Monthly Archives: October 2013

FQIP: Igniting Metacognitive Reading

SOURCE:  (Adapted from Reading Apprenticeship, a great curriculum to help secondary and post-secondary students strengthen their reading strategies!)

Focus-Question-Image-Predict (FQIP) is a strategy for helping students be more meta-cognitive about their reading. This is a strategy to use in any class involving reading. Canada_College-seeklogo_com

Steps to using Focus-Question-Image-Predict (FQIP):

1. Provide students with a text (either in small groups or whole class). Invite them to preview the text by writing their answers to the following questions:
• What expectations do you have regarding the reading?
• What predictions do you have about the reading?

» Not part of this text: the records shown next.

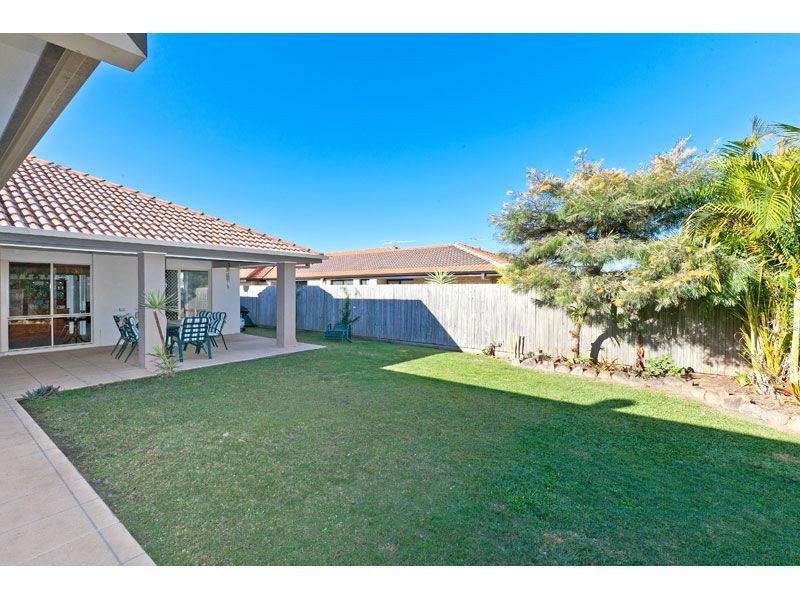 5 Lidgard Street, Thornlands QLD 4164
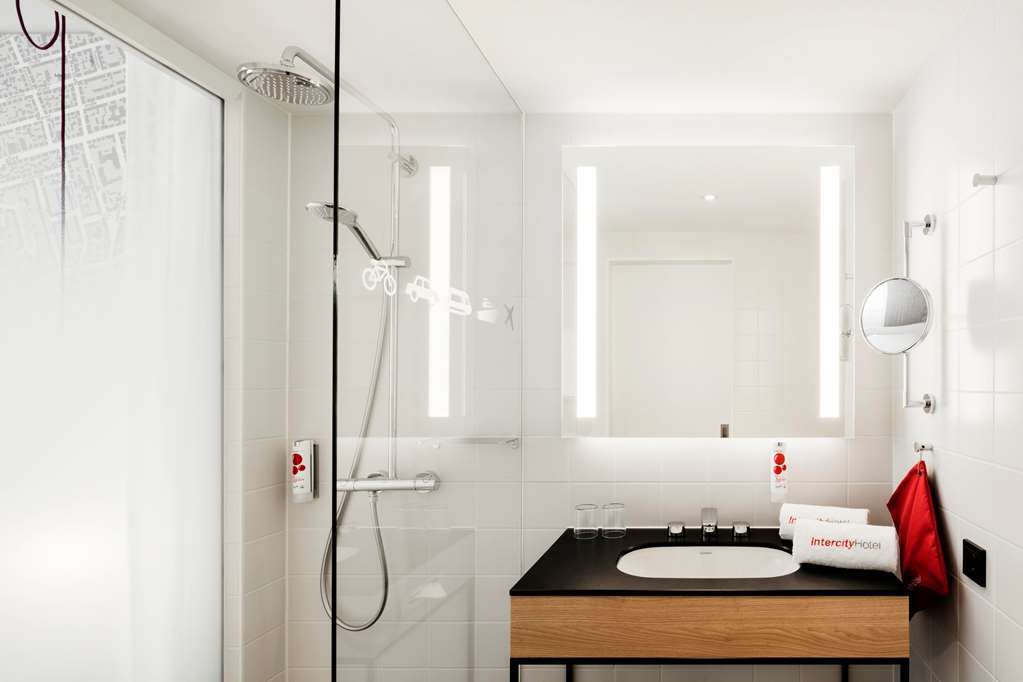 IntercityHotel Duisburg Kamer foto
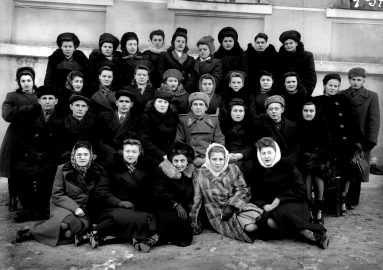 Слушатели курсов руководящих и научных сотрудников при Архивном Управлении МВД БССР (28.12.1949) Белорусский государственный архив кинофотофонодокументов. 4-0054.
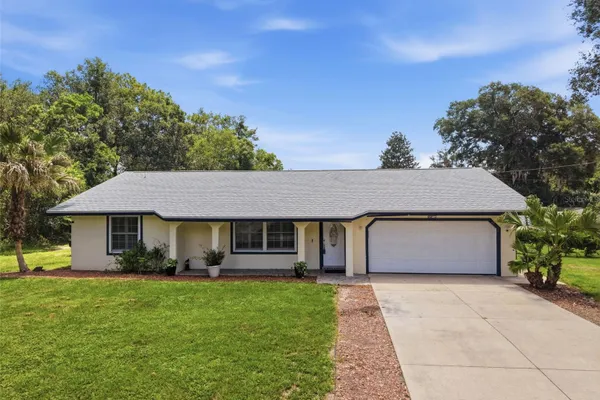 535 LAND O LAKES CT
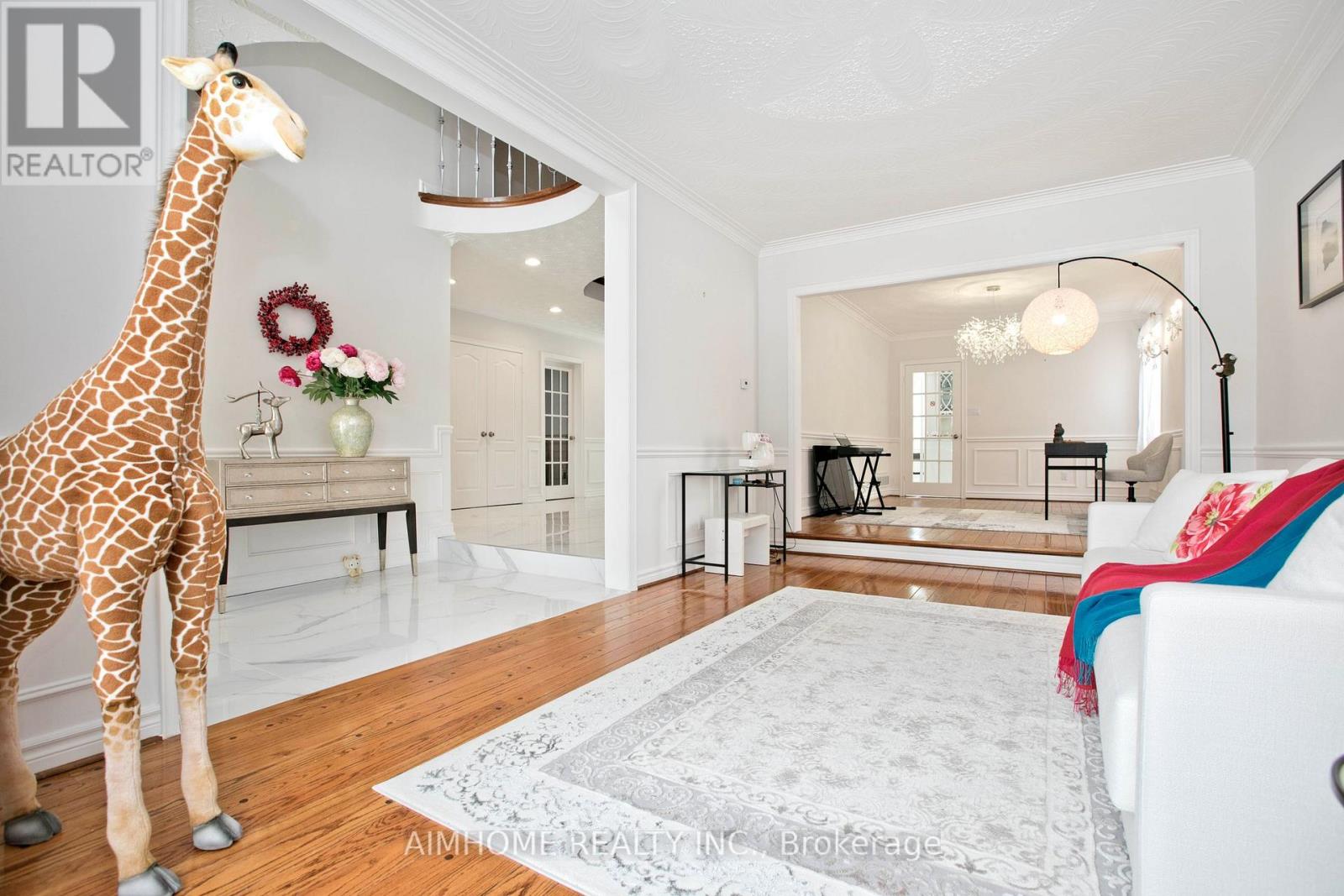 12a Mauro Court, Richmond Hill (Doncrest), Ontario  L4B 3J8 - Photo 6 - N12756380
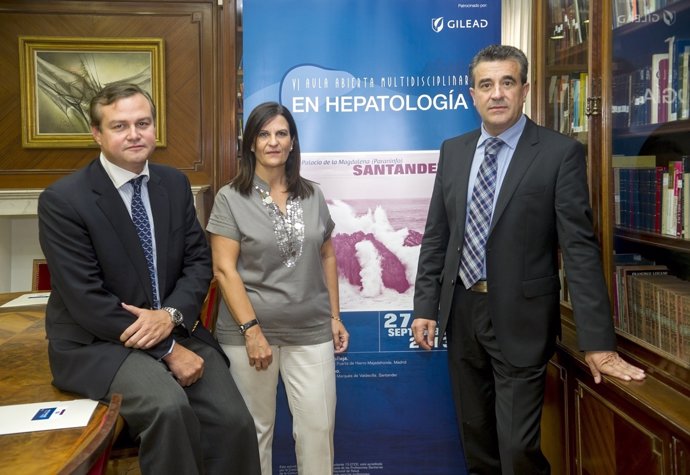 Imagen de Calleja, a la izquierda, en la presentación de un aula de hepatología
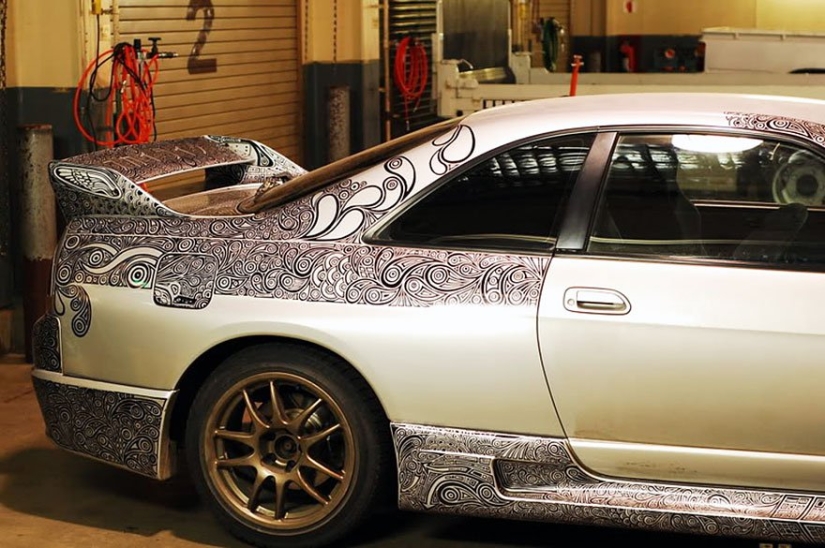 El hombre tomó y permitió que su esposa pintara su auto con un marcador. Pero todo podría haber terminado de otra manera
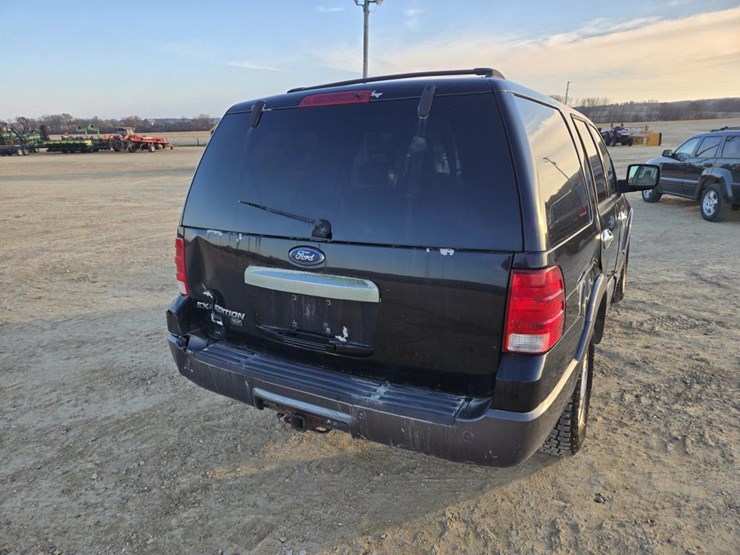2004-ford-expedition-image-15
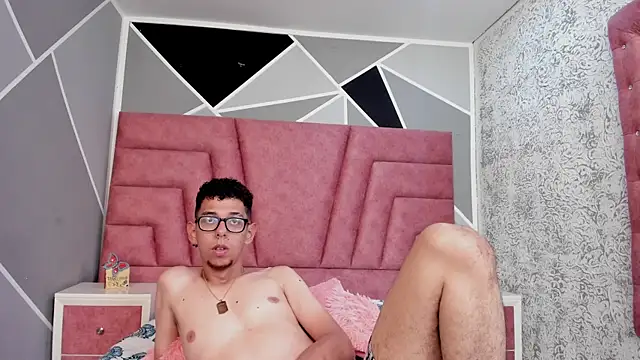 Derek and Skarlet online show from January 20, 4:45 pm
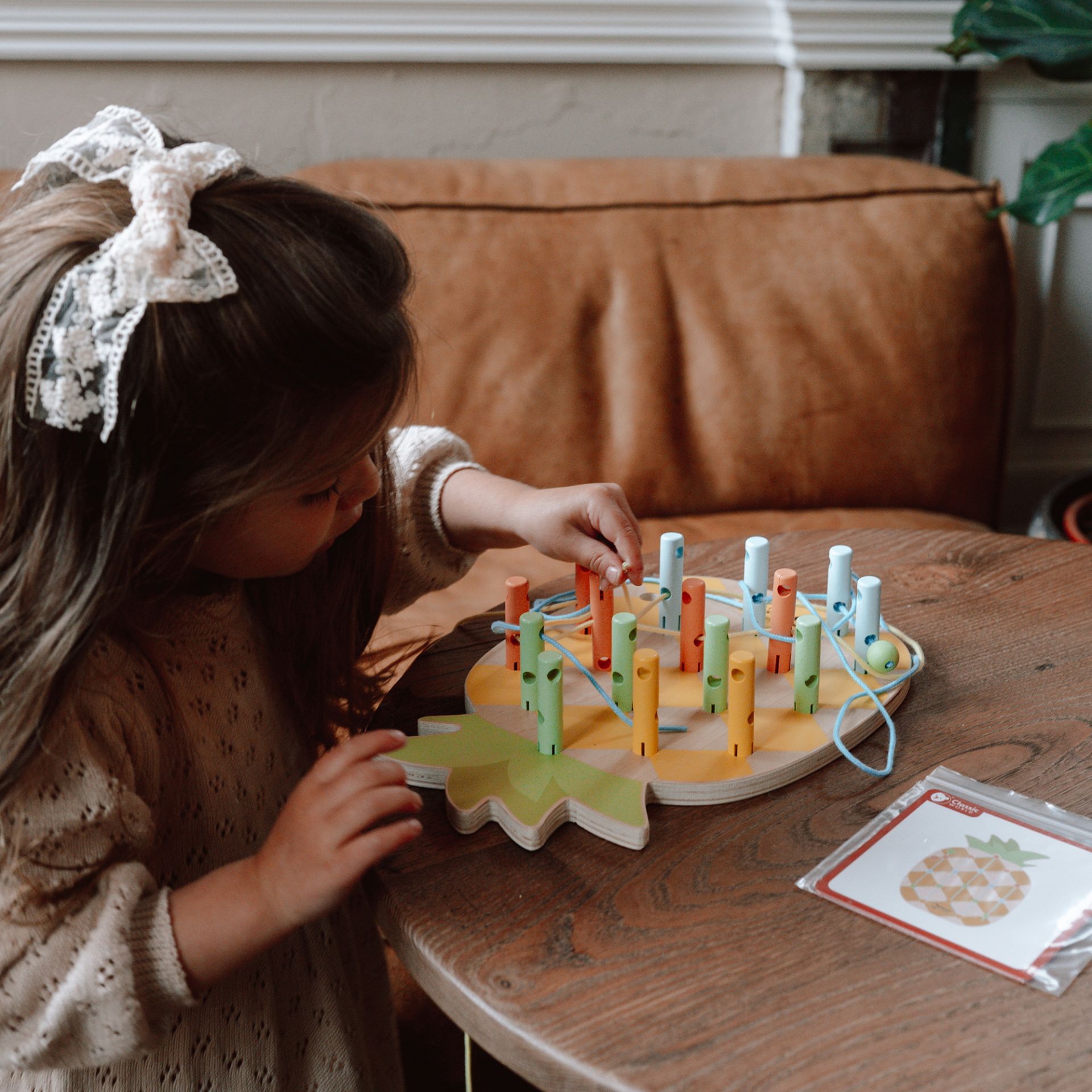 Classic World Pineapple Linking Game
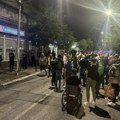 PROTEST ispred SNS-a: Kordon policije između okupljenih građana i prostorija stranke (FOTO)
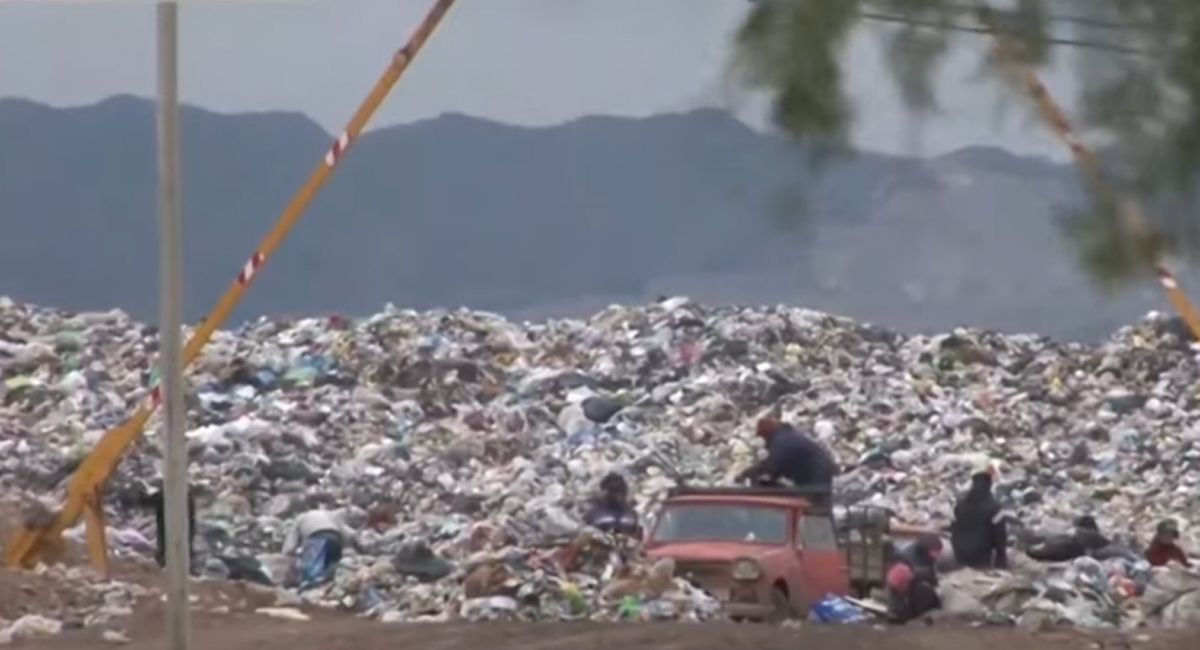 La legislación regula la gestión de residuos de origen domiciliario, comercial, institucional, de poda, construcción y demolición, entre otros. La legislación regula la gestión de residuos de origen domiciliario, comercial, institucional, de poda, construcción y demolición, entre otros.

2. Have students read individually for 10 minutes. Then, stop them and have them write their answers to the following questions:

• Where are you focusing attention? What are you ignoring?
• Write down the specific questions you are asking yourself.
• List the images or visuals you are forming.
• What predictions do you have about the remainder of the text?
• What role do your mental moves play in understanding the text message?

3. Have students read individually for another 10 minutes. Repeat step 2 having students answer the same questions.

4. Ask students to look for patterns in their reading process and summarize them, sharing their summaries with a partner or in a small group.

5. Have group members categorize the groups responses under the following headings:
• Focus
• Question
• Image
• Predict
6. Have the group explain the strategies for reading the discipline-specific text they read based on the reading patterns found in their group.
7. At the whole class level, record each groups responses into a larger list, identifying the common reading strategies students used to read the discipline-specific text.  The teacher might use the header, “Expert Readers of _________ (ex: Art History Texts)” to validate the class’ strategies and to suggest that different disciplines require different kinds of reading strategies.
8. Have the groups or the class discuss strategies for supporting their own reading and the reading of their classmates.

Optional: Teachers might repeat this with another discipline-specific text to highlight the differences in reading in your content area and other content areas. Students begin to see there are multiple “kinds” of reading and there are discipline-specific values and approaches to knowledge.


As a reading teacher myself, I often experience and hear other teachers challenged by students who struggle for comprehension. Because FQIP is INDUCTIVE rather than DEDUCTIVE, this activity is a good first step in helping students pay attention to their reading and develop strategies they can carry forward in all future reading.